Member of the Chamber of Deputies
- In office 1 February 2015 – 1 February 2019
- Constituency: Rio de Janeiro

National President of PTB
- In office 24 February 2014 – 14 April 2016
- Preceded by: Roberto Jefferson
- Succeeded by: Roberto Jefferson

City Councilor of Rio de Janeiro
- In office 1 January 2005 – 1 February 2015

Personal details
- Born: Cristiane Brasil Francisco 21 December 1973 (age 52) Petrópolis, Rio de Janeiro, Brazil
- Party: PRD (2023–present)
- Other political affiliations: PTB (2003–2023)
- Parents: Roberto Jefferson (father); Ecila Brasil da Silva (mother);
- Relatives: Fabiana Brasil (sister) Roberto Francisco Neto (brother)
- Education: Catholic University of Petrópolis (LL.B.)
- Occupation: Lawyer

= Cristiane Brasil =

Brazilian lawyer and politician (born 1973)

Cristiane Brasil Francisco, commonly known as Cristiane Brasil (born 21 December 1973), is a Brazilian lawyer and politician. Former member of the Brazilian Labor Party (PTB), had been Federal Deputy, representing the state of Rio de Janeiro between 2015 and 2019, and was nominated as Minister of Labour in January 2018, but the Federal Justice suspended the take up of office.

==Biography==
Born in Petrópolis, mountain region of the state of Rio de Janeiro, Cristiane Brasil graduated in Law in the Catholic University of Petrópolis.

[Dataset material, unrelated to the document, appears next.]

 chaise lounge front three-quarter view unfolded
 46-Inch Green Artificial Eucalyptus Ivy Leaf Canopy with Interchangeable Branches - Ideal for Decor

In 2005, took office as city councillor for the first time, being reelected for two more terms. In 2009, took office as City Special Secretary of Healthy Aging and Life Quality of Rio de Janeiro. In the 2014 state elections, was elected federal deputy with 81,817 votes.

She voted favorable to the impeachment proceedings against Dilma Rousseff, to the Bill of Ceiling of Public Spendings and the outsourcing for all activities, and to the Labor Reform. On August and October 2017, Cristiane voted to reject two complaint from the former Prosecutor General Rodrigo Janot against president Michel Temer, successfully archiving both.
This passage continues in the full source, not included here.